Saved data entries:
- Opening Delimiter -
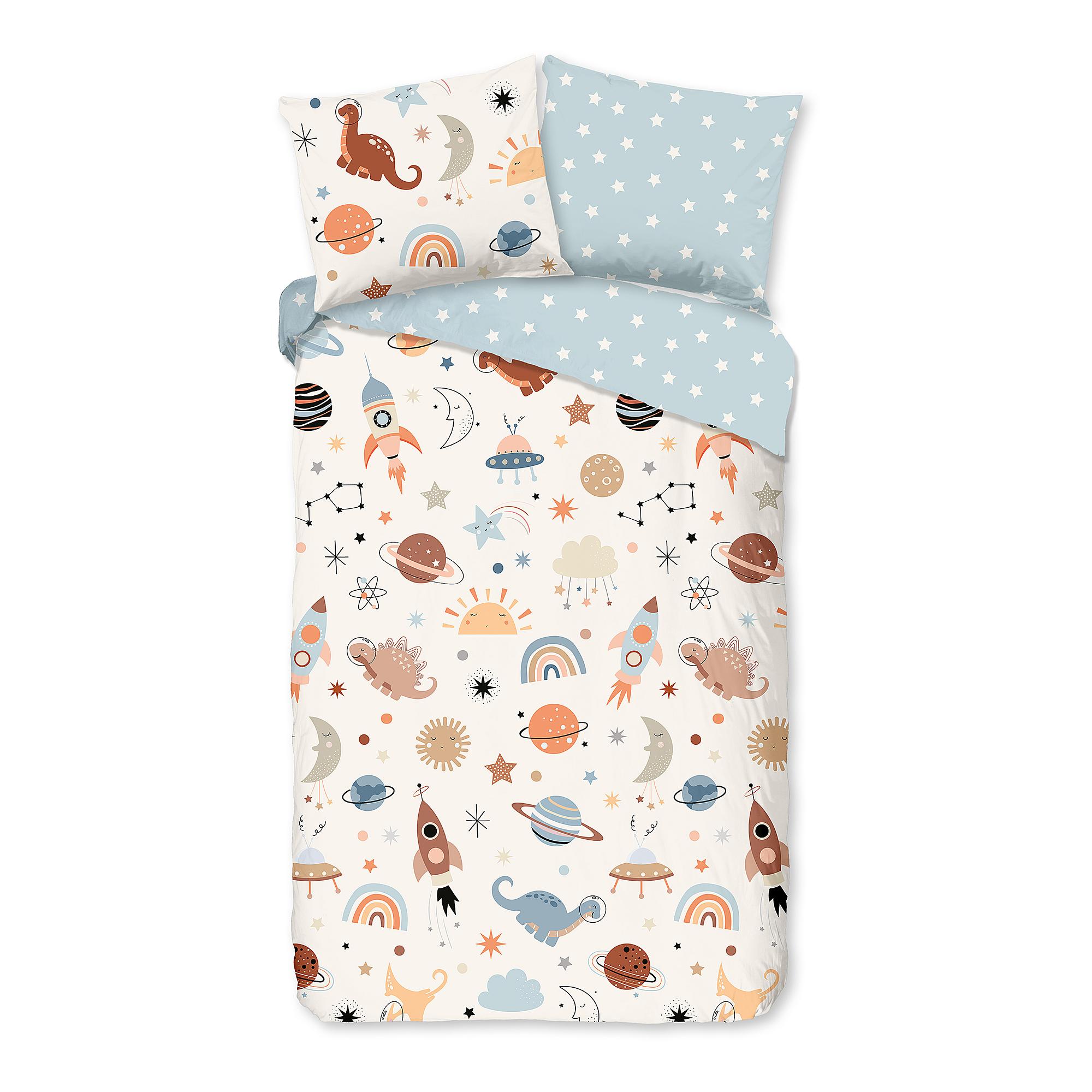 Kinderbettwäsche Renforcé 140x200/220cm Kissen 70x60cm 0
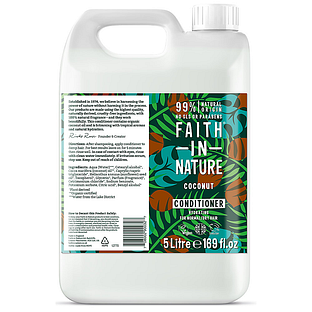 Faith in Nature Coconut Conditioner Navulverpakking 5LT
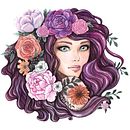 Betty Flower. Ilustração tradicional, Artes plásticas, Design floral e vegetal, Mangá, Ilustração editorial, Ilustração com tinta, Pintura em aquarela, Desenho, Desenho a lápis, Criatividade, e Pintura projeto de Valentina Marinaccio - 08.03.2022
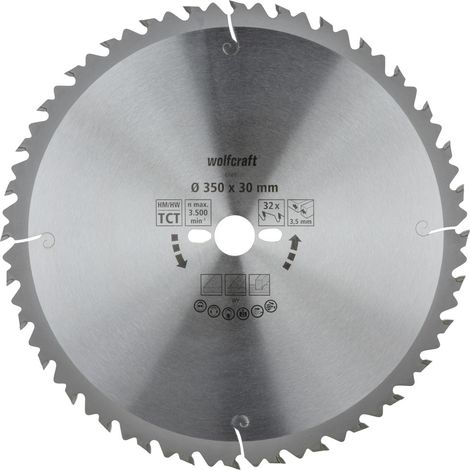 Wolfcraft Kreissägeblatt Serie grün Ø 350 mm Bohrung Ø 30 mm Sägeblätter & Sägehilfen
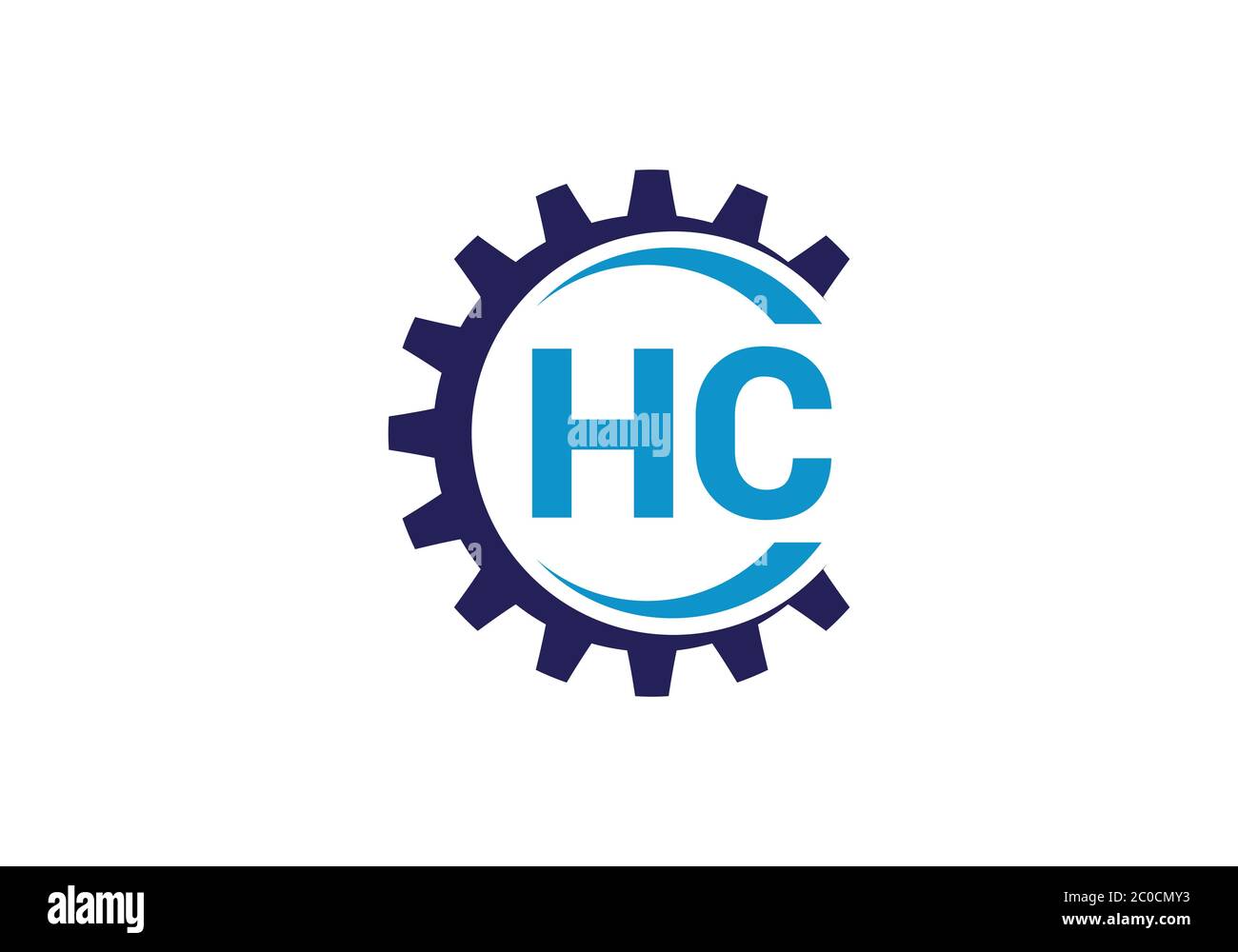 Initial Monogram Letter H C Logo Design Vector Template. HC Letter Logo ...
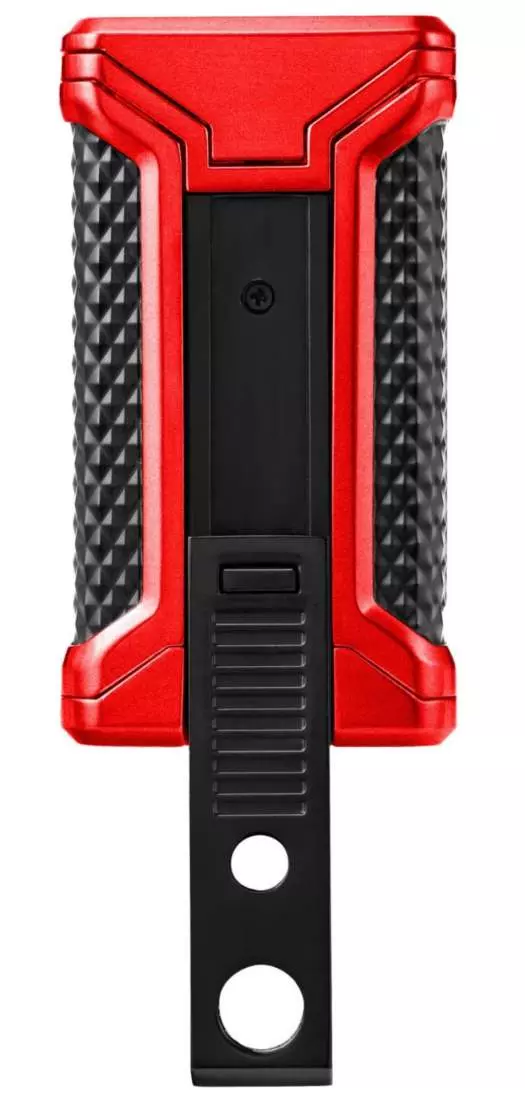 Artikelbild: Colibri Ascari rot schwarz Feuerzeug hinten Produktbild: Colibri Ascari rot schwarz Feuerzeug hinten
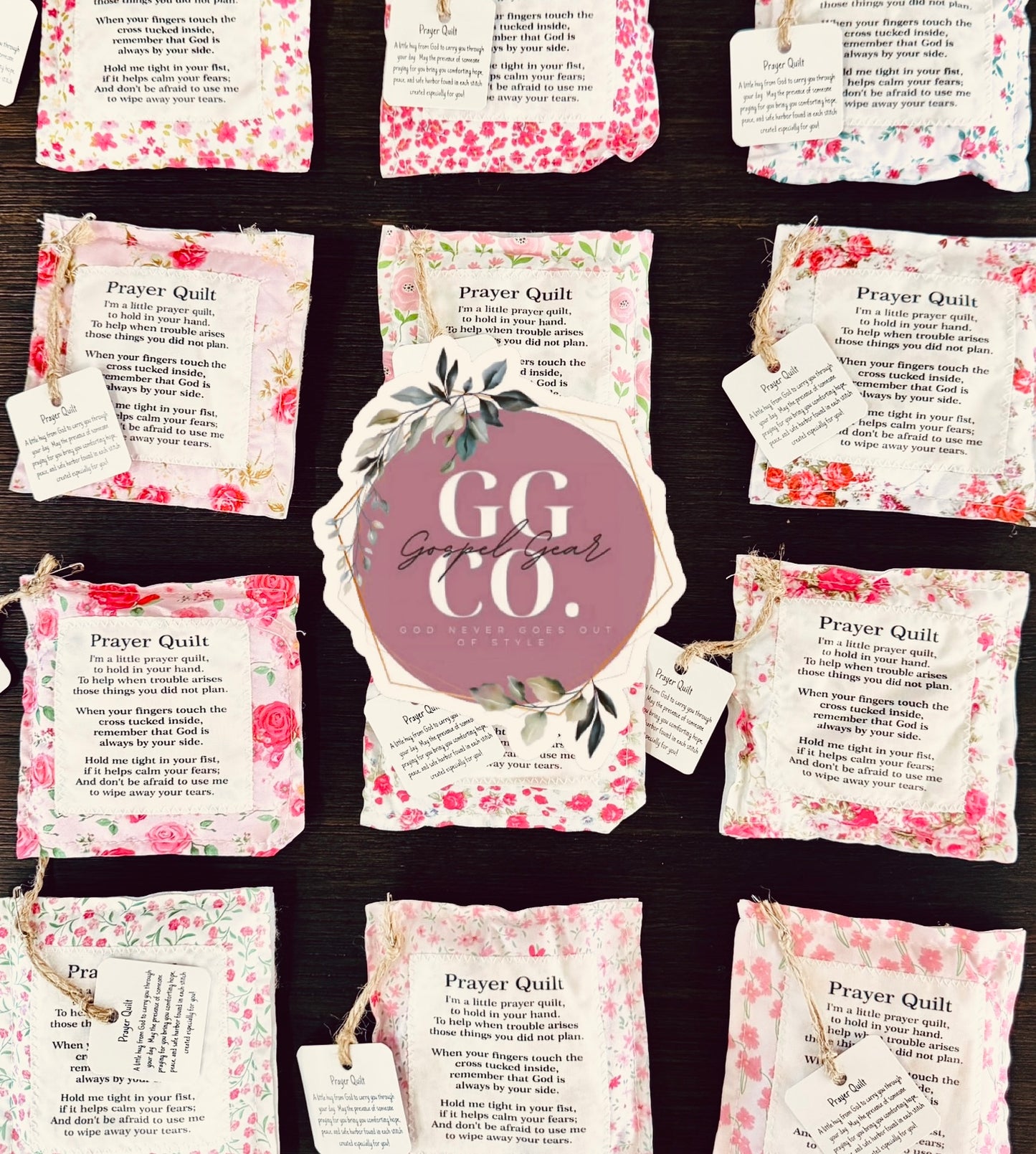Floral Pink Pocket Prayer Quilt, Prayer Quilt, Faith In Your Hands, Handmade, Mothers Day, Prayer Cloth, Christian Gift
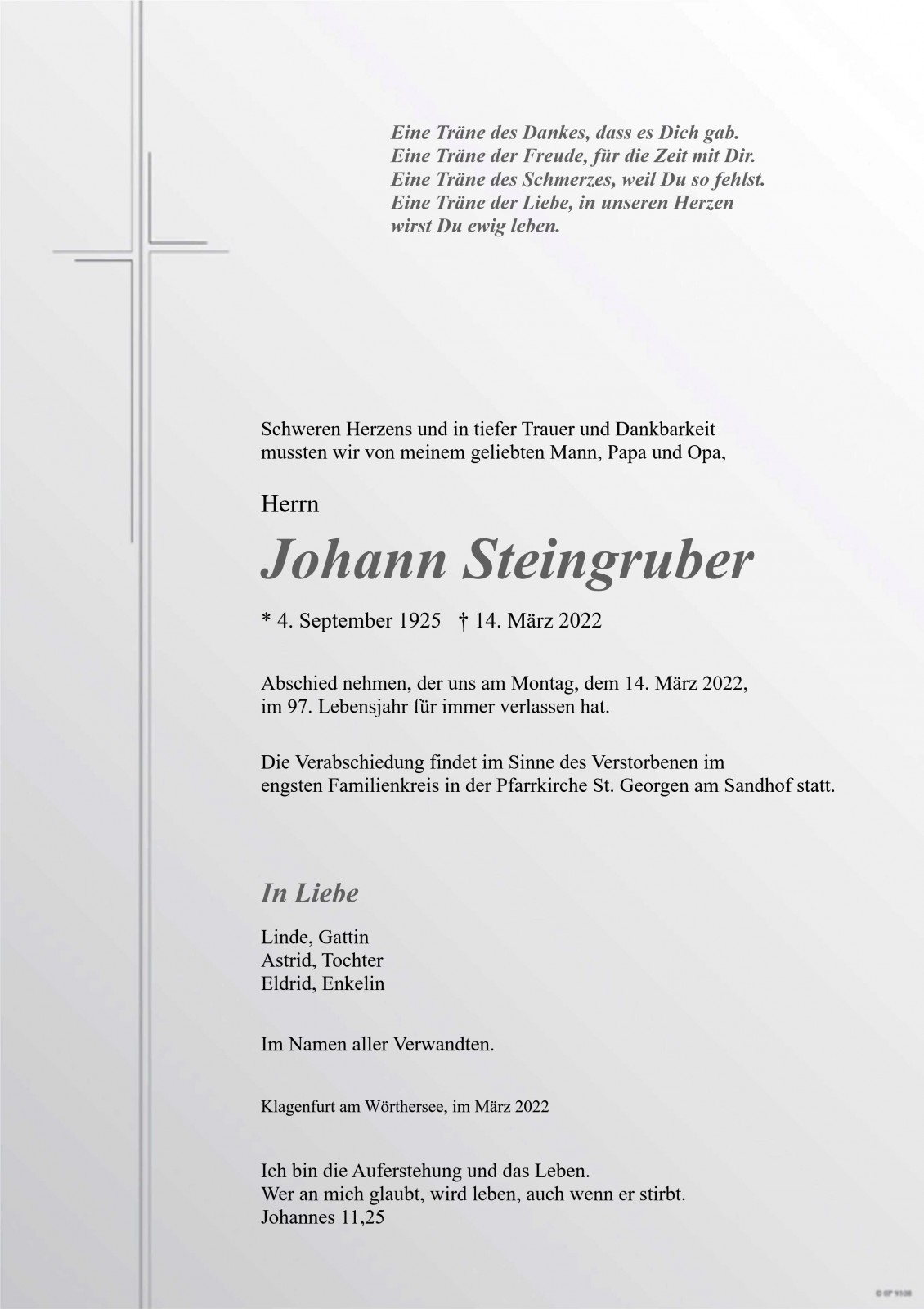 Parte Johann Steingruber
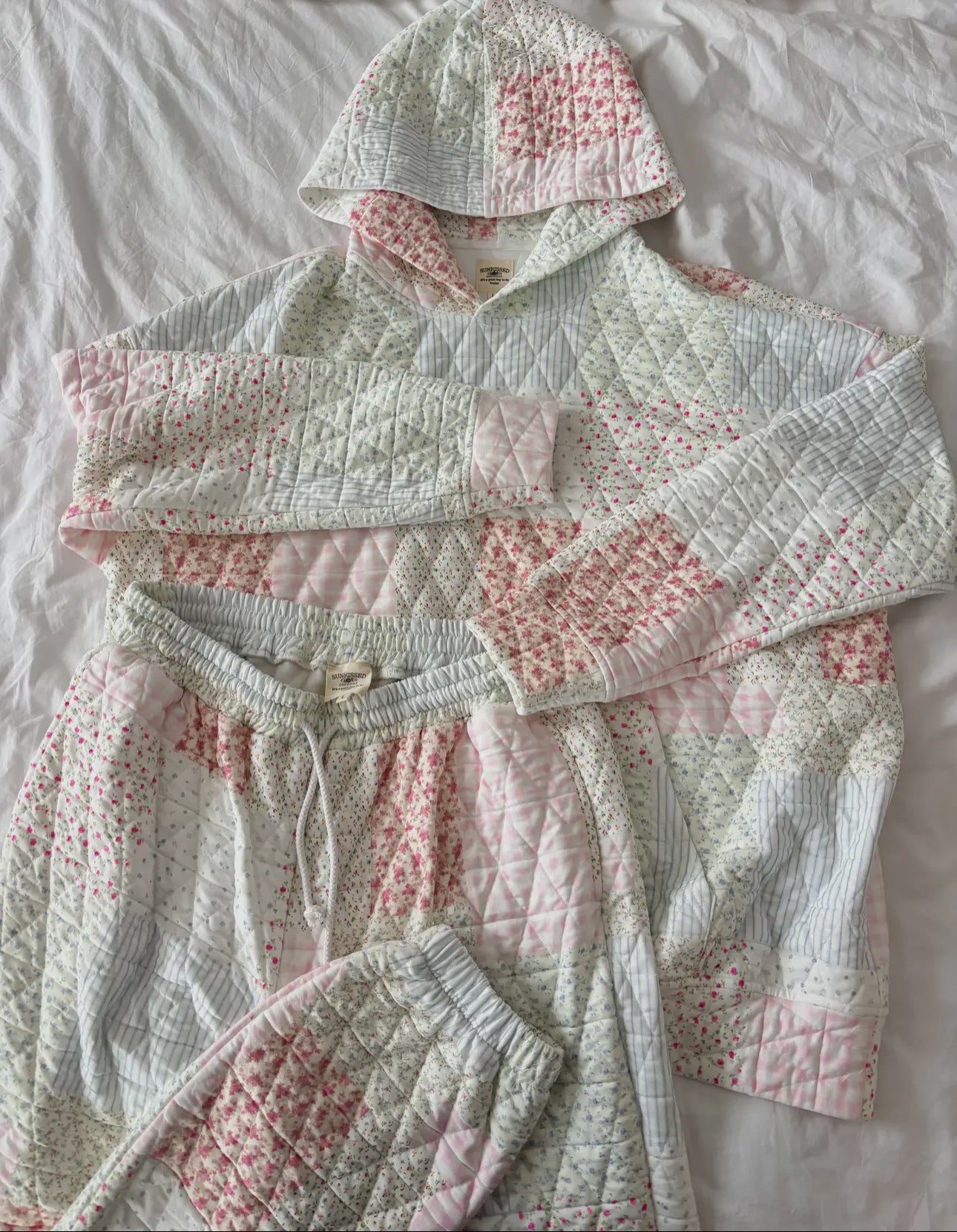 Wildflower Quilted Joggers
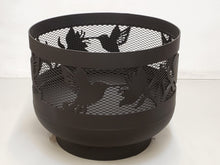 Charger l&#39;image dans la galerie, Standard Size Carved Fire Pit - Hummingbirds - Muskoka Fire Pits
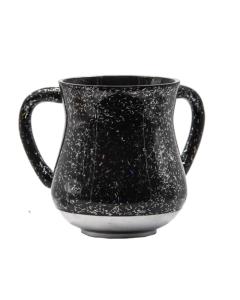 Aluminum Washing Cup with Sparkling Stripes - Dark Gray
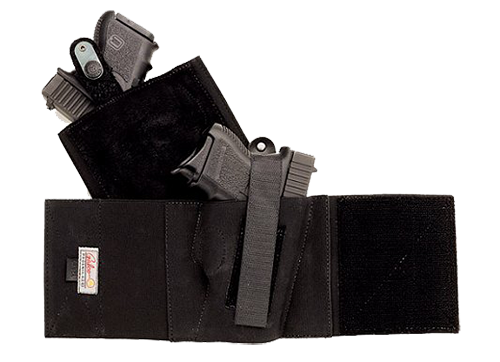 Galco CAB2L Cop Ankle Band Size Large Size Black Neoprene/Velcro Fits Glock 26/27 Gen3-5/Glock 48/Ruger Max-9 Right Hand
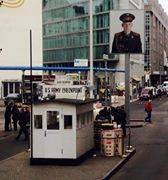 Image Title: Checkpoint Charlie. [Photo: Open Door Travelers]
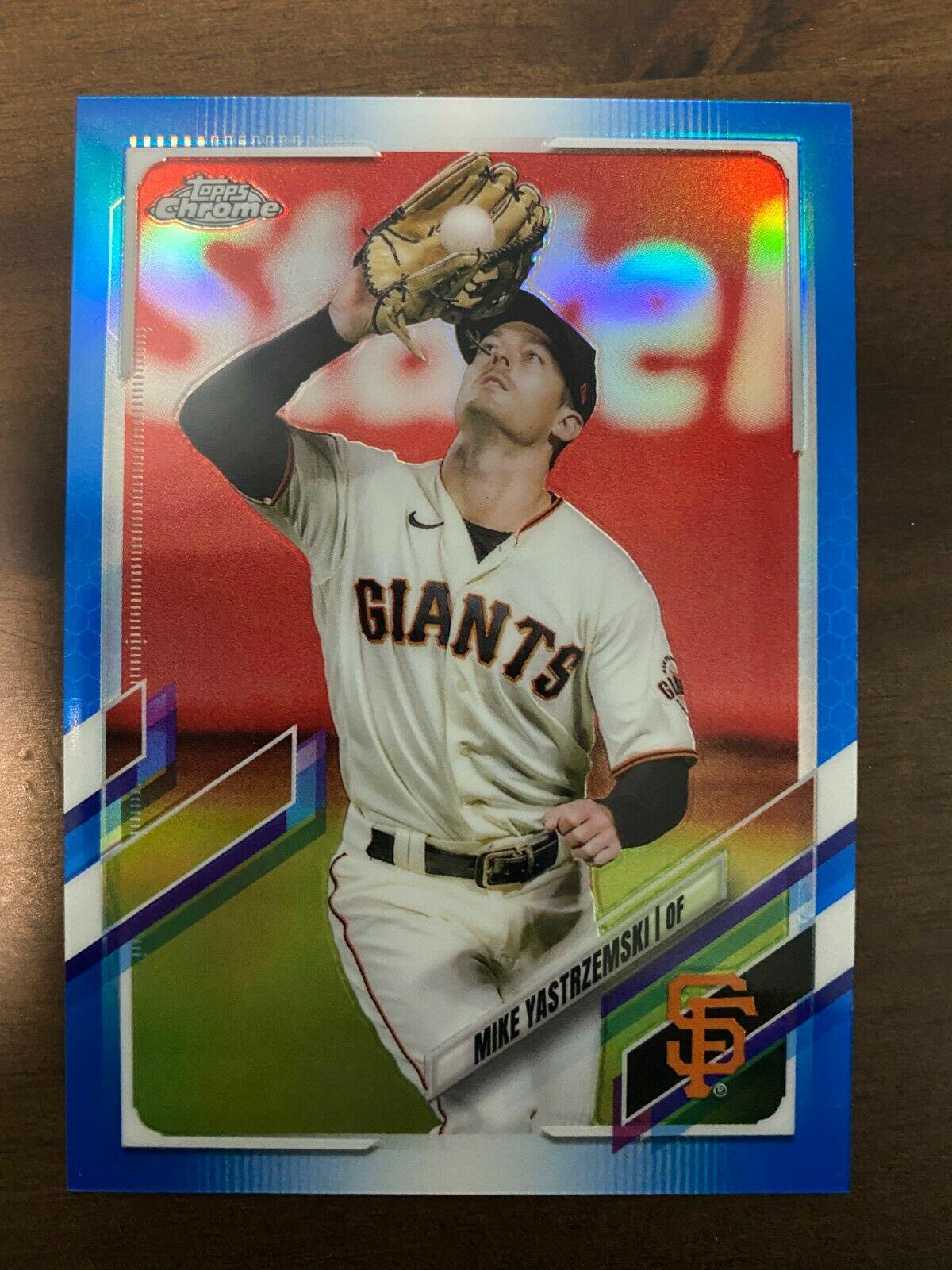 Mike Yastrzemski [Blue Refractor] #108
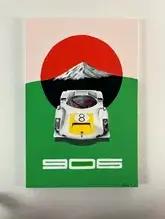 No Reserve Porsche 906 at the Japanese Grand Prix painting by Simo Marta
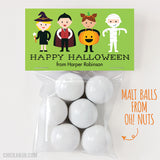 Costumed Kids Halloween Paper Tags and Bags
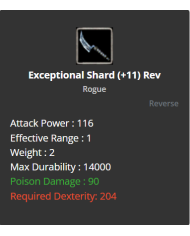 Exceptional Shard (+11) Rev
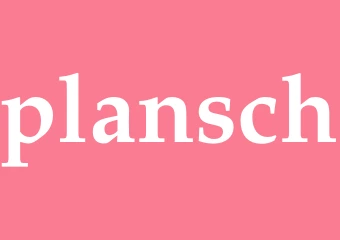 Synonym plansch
- Closing Delimiter -
- DESCRIPTION OF THE TASK: The lines from the one containing "Floral Pink Pocket" through the last line above are to be repeated exactly, and only those. Any pictures must be left out.

- RESPONSE:
Floral Pink Pocket Prayer Quilt, Prayer Quilt, Faith In Your Hands, Handmade, Mothers Day, Prayer Cloth, Christian Gift
 Parte Johann Steingruber
 Wildflower Quilted Joggers
 Charger l&#39;image dans la galerie, Standard Size Carved Fire Pit - Hummingbirds - Muskoka Fire Pits
 Aluminum Washing Cup with Sparkling Stripes - Dark Gray
 Galco CAB2L Cop Ankle Band Size Large Size Black Neoprene/Velcro Fits Glock 26/27 Gen3-5/Glock 48/Ruger Max-9 Right Hand
 Image Title: Checkpoint Charlie. [Photo: Open Door Travelers]
 Mike Yastrzemski [Blue Refractor] #108
 No Reserve Porsche 906 at the Japanese Grand Prix painting by Simo Marta
 Costumed Kids Halloween Paper Tags and Bags
 Exceptional Shard (+11) Rev
 Synonym plansch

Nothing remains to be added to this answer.